News Release

More gold -- and other minerals -- in them thar hills?

Tel Aviv University researcher's new method uncovers half-million ton mineral deposit in rough mountain terrain

Peer-Reviewed Publication

American Friends of Tel Aviv University

Though technology has taken much of the guesswork out of mining, mountain ranges are still notoriously difficult environments in which to hunt for valuable minerals. Various methods used to draw a picture of the underground environment, including the measurement of gravitational and magnetic fields, are easily thrown off by factors such as changes in topography height, surrounding temperature, and barometric pressure.

Now Prof. Lev Eppelbaum of Tel Aviv University's Department of Geophysics and Planetary Sciences has developed a new method for processing and analysing complex environments in the face of these challenges. Combining new physical-mathematical approaches with their own advanced software — which brings together all available analysis in the same three-dimensional image — the researchers were able to overcome the difficulties posed by mountainous regions, successfully uncovering new mineral reserves.

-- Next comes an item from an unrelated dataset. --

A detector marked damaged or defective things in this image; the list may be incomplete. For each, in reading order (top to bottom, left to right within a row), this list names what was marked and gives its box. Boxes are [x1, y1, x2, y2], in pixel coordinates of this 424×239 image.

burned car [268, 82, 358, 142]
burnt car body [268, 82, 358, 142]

Prof. Eppelbaum began working on his methodology with the late Prof. Boris Khesin of Ben Gurion University. Presented at the European Geosciences Conference in Vienna in April 2012 and in their book Geophysical Studies in the Caucasus, the method has already uncovered a previously unknown polymetallic reserve on the southern slope of the Caucasus, part of a vast mountain range between Europe and Asia that stretches from the Black to the Caspian Seas. The reserves include copper, zinc, lead, aluminium, and a mixture of gold and silver, Prof. Eppelbaum says.

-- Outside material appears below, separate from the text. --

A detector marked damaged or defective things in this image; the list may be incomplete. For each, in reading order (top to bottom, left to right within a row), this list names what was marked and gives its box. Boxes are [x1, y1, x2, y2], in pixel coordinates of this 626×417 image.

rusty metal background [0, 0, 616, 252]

A mountain range in three dimensions

In the hunt for underground metals or other resources like oil, gas, or water, geophysical fields such as gravity, magnetics, temperature, polarization, and electromagnetism play crucial roles. For example, the density of polymetallic ore —which consists of more than one metal — exceeds that of the surrounding rocks, creating a gravity anomaly. Although a 3D gravity analysis may then be used to decode these environmental cues, reserves do not reveal themselves that easily.

"After the environmental analysis, you must calculate the different types of background 'noise,' "Prof. Eppelbaum observes, such as the complexity of the topography, environmental characteristics, and more. Mountain ranges present particularly difficult terrain for this kind of calculation.

In order to circumvent these issues, Profs. Eppelbaum and Khesin improved current methods of geophysical analysis. They developed new mathematical approaches to process the information gathered from already-existing technology and from their own specially-designed software which allows the user to interpret all the information in a cohesive 3D image. "This 3D combined modelling software, which we programmed ourselves, enables scientists to see the buried targets more clearly," says Prof. Eppelbaum.

Prof. Eppelbaum believes they have discovered more than 500,000 tons of previously undiscovered polymetallic ore in the Caucasus mountainside in a single ore deposit. Other zones that could contain ore reserves have also been identified by the new methodology.

Caucasus and beyond

An expert in the Caucasus Mountains, Prof. Eppelbaum says that this technique can be applied to any region of the world, but most effectively in mountainous regions such as the Appalachian Mountains in the US and Canada or the Alps in Europe. Dr. Eppelbaum plans to develop collaborations with international geophysicists in an effort to discover new reserves around the world. "These reserves are very valuable resources for countries to discover," he says.